Extracted records:
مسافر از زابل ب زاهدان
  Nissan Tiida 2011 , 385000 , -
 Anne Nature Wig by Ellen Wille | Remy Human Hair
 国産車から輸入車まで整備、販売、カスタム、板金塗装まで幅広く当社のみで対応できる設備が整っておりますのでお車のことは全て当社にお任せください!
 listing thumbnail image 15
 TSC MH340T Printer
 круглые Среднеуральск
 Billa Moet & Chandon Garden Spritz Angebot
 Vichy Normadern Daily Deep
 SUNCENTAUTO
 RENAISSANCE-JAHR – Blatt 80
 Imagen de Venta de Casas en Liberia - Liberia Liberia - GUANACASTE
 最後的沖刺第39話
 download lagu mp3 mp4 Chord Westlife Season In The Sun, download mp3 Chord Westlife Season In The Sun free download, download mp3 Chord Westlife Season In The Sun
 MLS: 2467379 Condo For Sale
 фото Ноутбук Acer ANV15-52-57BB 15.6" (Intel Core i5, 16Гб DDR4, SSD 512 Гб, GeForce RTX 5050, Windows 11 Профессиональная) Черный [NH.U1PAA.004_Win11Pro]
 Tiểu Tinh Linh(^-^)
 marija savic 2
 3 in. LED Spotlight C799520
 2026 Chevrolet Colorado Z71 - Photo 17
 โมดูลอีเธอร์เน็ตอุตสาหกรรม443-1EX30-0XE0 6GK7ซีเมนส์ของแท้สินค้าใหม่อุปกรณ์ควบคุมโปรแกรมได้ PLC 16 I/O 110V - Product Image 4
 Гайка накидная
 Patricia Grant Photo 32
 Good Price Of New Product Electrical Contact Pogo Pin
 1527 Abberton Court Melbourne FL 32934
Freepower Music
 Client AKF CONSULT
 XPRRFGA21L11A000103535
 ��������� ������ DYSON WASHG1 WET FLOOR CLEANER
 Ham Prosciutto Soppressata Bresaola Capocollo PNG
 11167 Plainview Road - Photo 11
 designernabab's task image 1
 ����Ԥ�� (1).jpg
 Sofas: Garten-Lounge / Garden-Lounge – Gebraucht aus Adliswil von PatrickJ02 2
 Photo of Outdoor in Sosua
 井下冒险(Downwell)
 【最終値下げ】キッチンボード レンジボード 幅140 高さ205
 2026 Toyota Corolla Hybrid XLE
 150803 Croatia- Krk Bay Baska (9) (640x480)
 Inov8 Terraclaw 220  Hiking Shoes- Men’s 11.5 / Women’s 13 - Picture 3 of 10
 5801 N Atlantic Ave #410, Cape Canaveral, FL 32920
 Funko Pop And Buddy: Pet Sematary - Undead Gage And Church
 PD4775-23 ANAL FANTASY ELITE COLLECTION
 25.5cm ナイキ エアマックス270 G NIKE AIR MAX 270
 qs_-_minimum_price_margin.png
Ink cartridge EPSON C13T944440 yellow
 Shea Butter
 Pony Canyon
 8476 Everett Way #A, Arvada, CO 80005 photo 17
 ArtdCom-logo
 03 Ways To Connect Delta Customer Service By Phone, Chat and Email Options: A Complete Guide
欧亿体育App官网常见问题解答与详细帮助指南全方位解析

What you need to do: Please return the span of lines above that opens with the one containing "03 Ways To Connect" and closes with the final line, both included, exactly as written and nothing more.

Exercise output:
 03 Ways To Connect Delta Customer Service By Phone, Chat and Email Options: A Complete Guide
欧亿体育App官网常见问题解答与详细帮助指南全方位解析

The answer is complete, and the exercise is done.